No es la primera vez que Federer llora en el Australian Open. Lo hizo ya el año pasado cuando venció a Rafael Nadal en la final. También cuando perdió ante el español, en 2009. Ayer, las lágrimas regresaron para el suizo.
“Ustedes llenan los estadios, me hacen sentir nervioso, me hacen entrenar. Quiero agradecerles por todo”, dijo Federer antes de perder el hilo de su discurso y estallar en llanto. Él, que tantas veces había estado en esta situación, que ganó 20 finales de Grand Slam y perdió otras diez, no podía
contener las lágrimas que le brotaban sin parar después de su victoria ante el croata Marin Cilic (6-2, 6-7, 6-3, 3-6 y 6-1).

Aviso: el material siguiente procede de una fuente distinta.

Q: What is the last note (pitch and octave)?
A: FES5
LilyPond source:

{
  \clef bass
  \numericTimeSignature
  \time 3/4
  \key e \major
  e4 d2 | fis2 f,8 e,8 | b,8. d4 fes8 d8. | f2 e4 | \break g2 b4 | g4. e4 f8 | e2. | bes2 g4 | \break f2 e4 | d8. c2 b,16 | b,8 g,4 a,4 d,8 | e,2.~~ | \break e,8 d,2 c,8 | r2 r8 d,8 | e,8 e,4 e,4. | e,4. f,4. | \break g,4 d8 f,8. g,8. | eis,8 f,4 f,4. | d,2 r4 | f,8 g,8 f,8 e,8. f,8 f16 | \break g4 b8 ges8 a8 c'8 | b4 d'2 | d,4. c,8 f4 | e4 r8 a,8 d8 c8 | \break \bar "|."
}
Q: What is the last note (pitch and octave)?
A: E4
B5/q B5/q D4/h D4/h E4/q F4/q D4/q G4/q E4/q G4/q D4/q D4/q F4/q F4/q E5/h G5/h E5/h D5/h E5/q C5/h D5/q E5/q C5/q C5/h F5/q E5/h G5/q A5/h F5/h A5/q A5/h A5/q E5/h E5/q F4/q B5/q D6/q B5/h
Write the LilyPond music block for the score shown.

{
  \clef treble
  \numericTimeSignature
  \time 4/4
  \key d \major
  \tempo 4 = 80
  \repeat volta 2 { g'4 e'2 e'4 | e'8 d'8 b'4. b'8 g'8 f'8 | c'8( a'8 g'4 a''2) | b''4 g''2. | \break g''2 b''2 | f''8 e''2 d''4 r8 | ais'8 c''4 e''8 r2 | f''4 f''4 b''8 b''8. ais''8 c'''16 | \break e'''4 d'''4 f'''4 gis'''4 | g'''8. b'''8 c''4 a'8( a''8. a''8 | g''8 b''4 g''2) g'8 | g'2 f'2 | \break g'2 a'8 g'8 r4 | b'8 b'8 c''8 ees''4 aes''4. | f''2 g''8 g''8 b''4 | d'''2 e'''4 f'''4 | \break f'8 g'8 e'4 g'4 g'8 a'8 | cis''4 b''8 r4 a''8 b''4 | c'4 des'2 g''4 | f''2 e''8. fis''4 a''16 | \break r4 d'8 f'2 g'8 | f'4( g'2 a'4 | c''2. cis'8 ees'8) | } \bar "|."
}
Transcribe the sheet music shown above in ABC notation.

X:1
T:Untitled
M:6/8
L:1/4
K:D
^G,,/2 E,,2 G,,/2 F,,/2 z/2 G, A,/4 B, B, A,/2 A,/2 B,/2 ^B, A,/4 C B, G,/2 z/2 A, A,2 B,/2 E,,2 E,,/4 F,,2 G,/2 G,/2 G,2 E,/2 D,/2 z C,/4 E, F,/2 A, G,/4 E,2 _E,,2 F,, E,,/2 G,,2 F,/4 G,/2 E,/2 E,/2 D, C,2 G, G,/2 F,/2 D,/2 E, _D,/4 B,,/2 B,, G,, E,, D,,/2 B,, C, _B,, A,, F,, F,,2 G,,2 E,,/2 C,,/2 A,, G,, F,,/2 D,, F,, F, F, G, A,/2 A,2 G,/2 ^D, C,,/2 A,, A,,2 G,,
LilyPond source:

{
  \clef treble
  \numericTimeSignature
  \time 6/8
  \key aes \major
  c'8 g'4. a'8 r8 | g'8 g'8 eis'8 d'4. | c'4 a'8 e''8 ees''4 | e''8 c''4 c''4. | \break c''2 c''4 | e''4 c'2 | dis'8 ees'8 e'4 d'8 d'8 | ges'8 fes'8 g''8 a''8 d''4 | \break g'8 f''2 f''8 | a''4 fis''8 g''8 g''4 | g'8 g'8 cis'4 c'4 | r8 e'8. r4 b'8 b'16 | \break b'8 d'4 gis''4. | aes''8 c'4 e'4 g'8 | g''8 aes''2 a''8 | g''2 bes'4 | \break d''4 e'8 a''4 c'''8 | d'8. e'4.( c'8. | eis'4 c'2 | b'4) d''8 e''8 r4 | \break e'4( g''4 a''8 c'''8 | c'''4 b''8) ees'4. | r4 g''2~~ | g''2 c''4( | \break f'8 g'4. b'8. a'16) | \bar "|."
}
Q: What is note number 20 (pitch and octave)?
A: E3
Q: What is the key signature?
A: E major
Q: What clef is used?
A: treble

Federer pudo dar rienda suelta a la alegría y comenzó una larga peregrinación por Melbourne Park con el trofeo entre sus brazos. Una llamada del presidente suizo, Alain Berset, y recibió un regalo por parte de la presidenta de la Federación Australiana de Tenis, Jayne Hrdlicka.
En el medio de la vorágine, Federer se detuvo un instante ante un cartel de Steffi Graf y le dio un cariñoso toque. La alemana, con sus 22 Grand Slams,
es la siguiente en la lista del suizo.